Nana Volume 3

Written by Ai Yazawa
Illustrated by Ai Yazawa

The story of the two Nanas continues in this third volume, as things start to look up for singer-Nana but look worse for her roommate. Slowly but surely the band is getting back together and singing Nana can afford to let loose a bit and allow her guard down, now that it might be time for her to shine.

On the other hand, our more open and expressive Nana is having problems all over. She's overspent, her job status is shaky, her mom thinks she eloped, and, worst of all, the boy she followed to Tokyo may not be all she thought him to be!

There's still a lot of comical situations in Nana's third volume, but from the opening lines on, you can tell that Yazawa is going to darken the tone a bit. Despite silly jokes about ghosts in the house, Nana K is starting to worry about the neighbors, a care I don't think she would have had at the start of the series.

As things progress, the formerly carefree Nana is worrying about making rent, looking good to her mother and boyfriend, and even what the future holds. (It may be a really stereotypical future, but still, it shows her desire to knuckle down and care.) Singer-Nana (Nana O) snarks about these things but seems more willing to let Nana K into her life, even letting her sing a bit at a band rehearsal. There's even just a bit of hinting that they are going to be actual friends, which I think is a good sign.

Oddly, it's as though the two Nanas reverse roles here. Nana O is getting her friends back and building on what she lost when Ren went to Tokyo. Meanwhile, Nana K's friends are avoiding her because of the actions of her boyfriend. He's not at all the man Nana K takes him to be, as we see further proof why long distance relationships don't generally work. Both of these parallel
plots are developed nicely here and neither have a payoff in this volume. (In fact, the ending of this one caused me to regret not requesting Volume 4 as soon as I got this one in, so be warned!)

This doesn't mean it's all seriousness, though. Yazawa still gets her inside jokes in, this time as Nana K joins a publishing firm and is summarily abused. Nana O's new bassist is underage, apparently has no home, and is a goldmine of comedy. Nana K overreacts in the most comic way possible to anything that isn't serious, with Nana O baiting her at every opportunity. While there is a new layer of seriousness on top, Yazawa is by no means cutting out the comedy. That's a good thing, because I'm sure that Nana K is going to need something to keep her mind off the tragedy headed her way.

I really like Yazawa's art style, mixing typical manga style with a bit of photo realism here and there. Her characters are all distinctive and dress according to their characterization. Even the new characters introduced fit into this pattern, especially Sachigo, who is presented as a total innocent about to get really, really hurt. Her fragile build and simple clothing are perfect.

Yazawa does a bit more with backgrounds than the other manga I've been reading lately, giving us details like the gingerbread on a staircase or hooks on curtains. Part of this is probably a result of the photo realism vibe, but part of it is most likely to show the striking difference between the Nanas. Either way, I like getting to see how Nana K blew her check or the idea that Nana O has almost nothing, something that would have been lost if we had sparse interior artwork.

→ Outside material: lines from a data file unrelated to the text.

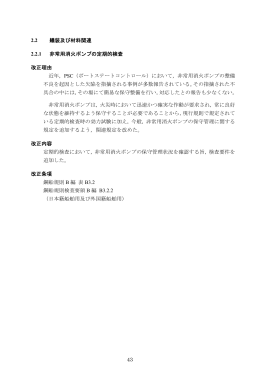 2.2 艤装及び材料関連 2.2.1 非常用消火ポンプの定期的検査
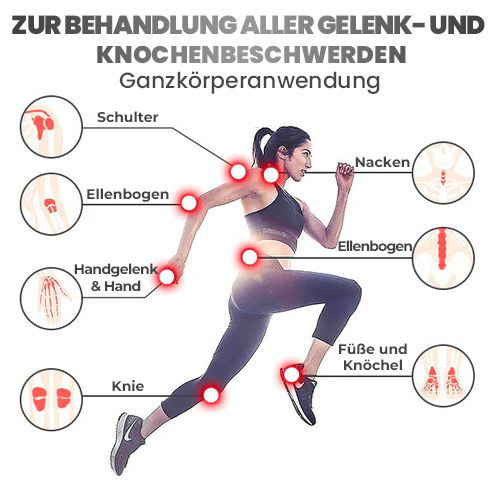 Fivfivgo™ DualAction Knochen- und Gelenkheilungscreme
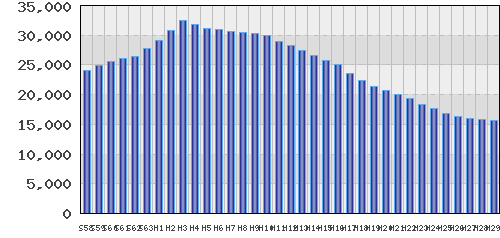 graph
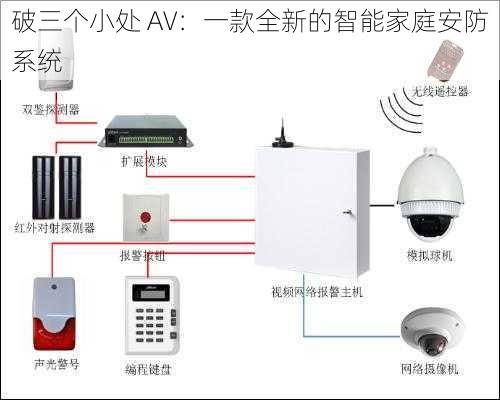 破三个小处 AV：一款全新的智能家庭安防系统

Nana is quickly becoming one of my favorite shojo manga series, with two dynamic characters who should not be meshing together at all but forming a bond the reader wants to see developed. Combined with a great supporting cast (almost any of whom could easily be the focus of their own series), strong and distinctive artwork, and the right balance of humor, Nana shows the best things that a shojo manga can offer. I am totally hooked and can't wait for volume four to arrive at my library!